_COLLECTED DATA_
>>>

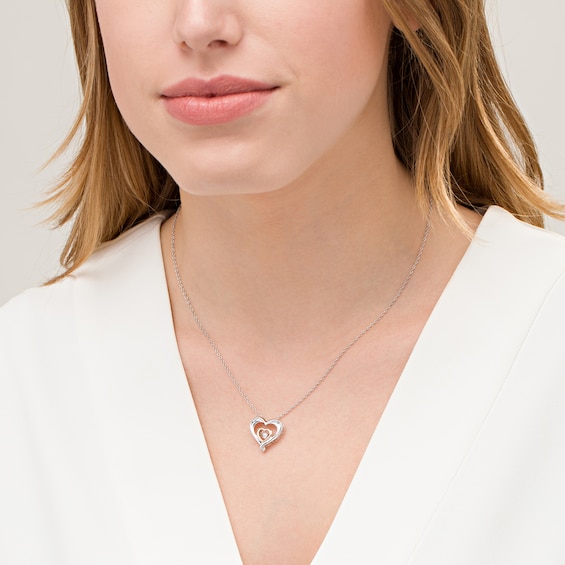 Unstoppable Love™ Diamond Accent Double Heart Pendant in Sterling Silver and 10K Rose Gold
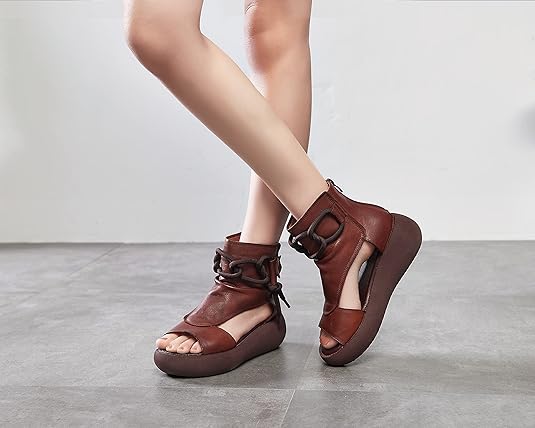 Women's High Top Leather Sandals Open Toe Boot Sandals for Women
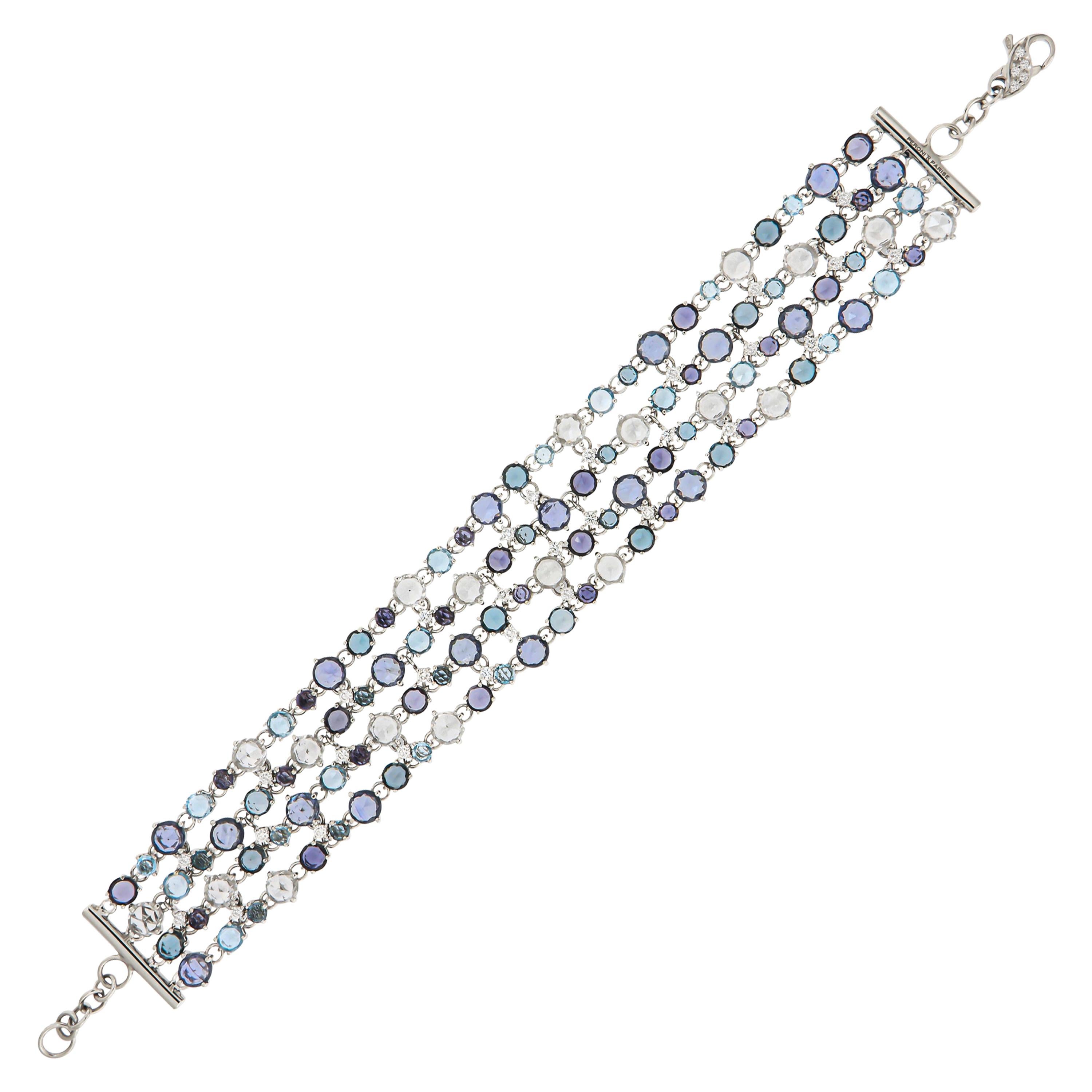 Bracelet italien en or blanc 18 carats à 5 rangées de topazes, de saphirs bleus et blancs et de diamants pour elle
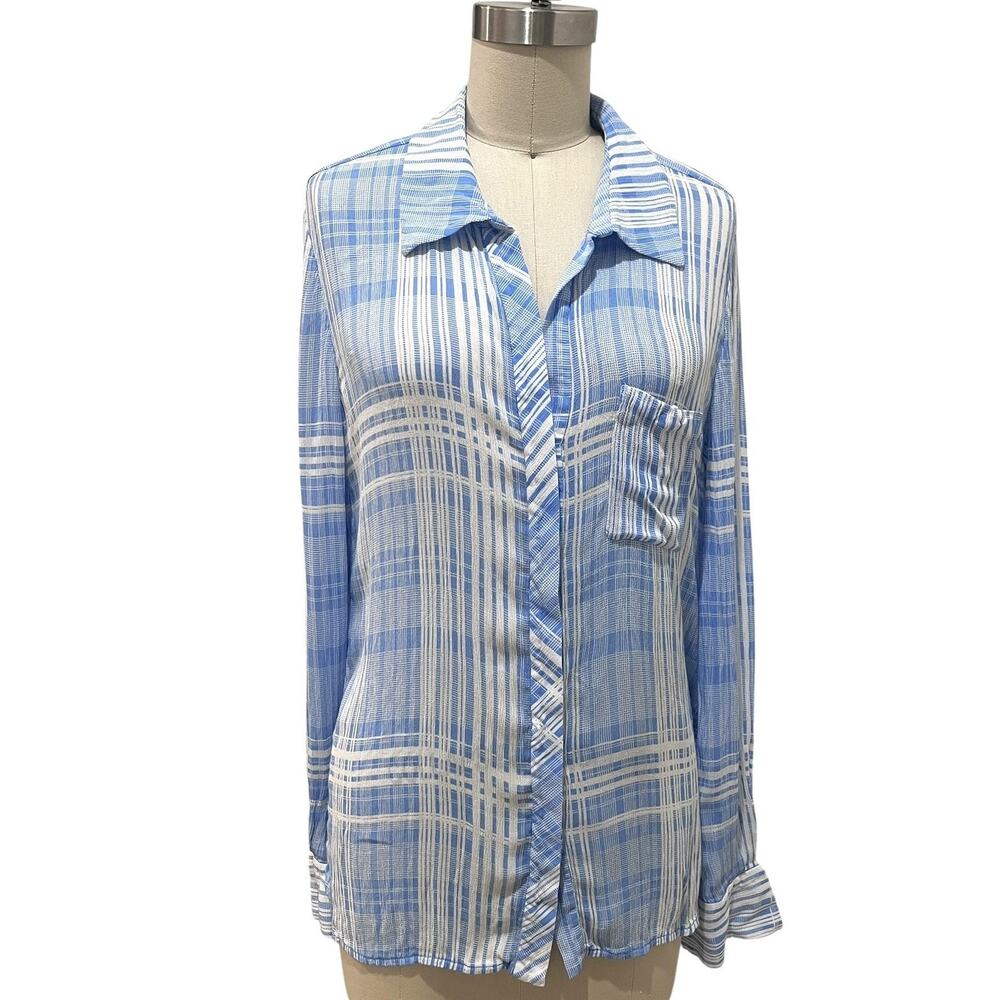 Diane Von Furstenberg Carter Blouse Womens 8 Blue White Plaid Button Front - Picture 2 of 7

<<<

_WHAT YOU NEED TO DO_
Take the lines from the start of the material to the line with "Bracelet italien en", both included, and transcribe them exactly without the pictures.

_TASK RESULT_
 Unstoppable Love™ Diamond Accent Double Heart Pendant in Sterling Silver and 10K Rose Gold
 Women's High Top Leather Sandals Open Toe Boot Sandals for Women
 Bracelet italien en or blanc 18 carats à 5 rangées de topazes, de saphirs bleus et blancs et de diamants pour elle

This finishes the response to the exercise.